Sexist microaggressions are often so common that women often don't even notice them — and so subtle that men don't notice them happening to the women around them. Nevertheless, they are a normalized and ubiquitous part of being a woman in our society, and it takes constant awareness and toughness to remind ourselves that we are not what the media and other people make us out to be. Remembering our worth requires us to actively resist all the labels imposed on us from the time we are born to the day we die. And that takes a toll on our energy, focus, and social approval — a gender-based disadvantage in of itself.

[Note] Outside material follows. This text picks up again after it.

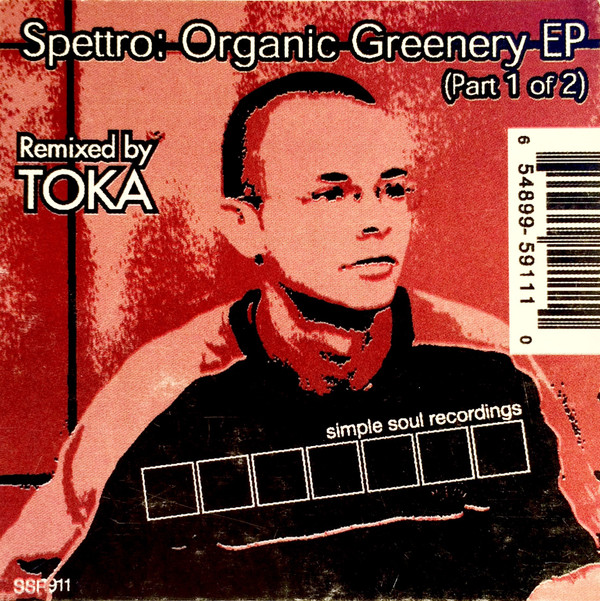 DJ Spettro - Organic Greenery Part 1 | Simple Soul Recordings (SSR 911) - 4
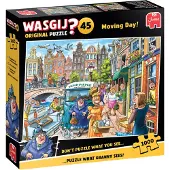 Wasgij Jumbo ? Original 45 verhuisdag! 1000 stukjes |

Here are some of the many, often overlooked microaggressions that confront us on a daily basis and ultimately form the fabric of gender inequality.
1. Sexist Language
Every day, we hear words thrown around that render us invisible, objectify us, or use our gender as an insult. When people talk about "mankind," for example, they are expressing an implicit belief that men are the most important part of humankind. When they use "p*ssy" as an insult or "castrated" as a metaphor for losing power, they are saying that being female makes you weak. When they use the pronoun "he" about someone in a stereotypically male profession of unknown gender, they are discounting the women in that profession. And when they use phrases like "suck it" as threats, they are making light of sexual violence.
2. Sexual Harassment
Whether we're on the street or at work, sexual harassment serves to remind us that our bodies are not truly considered our own. Rather, our society permits men to evaluate them and express their opinions at the expense of our own comfort. It also teaches us that we are not as safe to go about the world as men are, leading us to distrust others and constantly monitor our environment.
3. Slut Shaming
When we wear revealing clothing, we are instructed to be more modest, as if the amount of skin we cover reflects our moral character. And, worst of all, we are taught that our clothing choices make us vulnerable to harassment or assault, as if we dressed this way to garner that kind of attention. We are also slut-shamed for our sexual decisions: People accuse us of devaluing ourselves for making decisions that instead increase men's perceived value. They assume we are just being exploited or deceived when we enter into sexual relationships that make us happy.
4. Victim Blaming
When women are sexually assaulted or harassed, the police, the media, and the people around them tell them they must have done something to cause it. They must have been wearing too little or drinking too much, people say, rather than acknowledging that sexual assault could happen to anyone and that no matter what a victim is doing, a rapist is still responsible for raping her.
5. Tone Policing
When we behave assertively, particularly in the workplace, we are called bitchy, shrill, aggressive, or pushy, while men who behave in these same manners are viewed as competent leaders.
6. Language Policing
When we speak in traditionally "feminine" manners, we are punished for that, too. We are taught that our uptalk makes us sound uncertain, when in reality we are using it to hold the floor so nobody interrupts us. We are told that using vocal fry makes us sound like vapid Valley Girls, even when we are having intellectual conversations. Rather than teaching men to be more polite, people teach women to stop being overly polite because others will take us less seriously. But they're really taking us less seriously simply because we are women.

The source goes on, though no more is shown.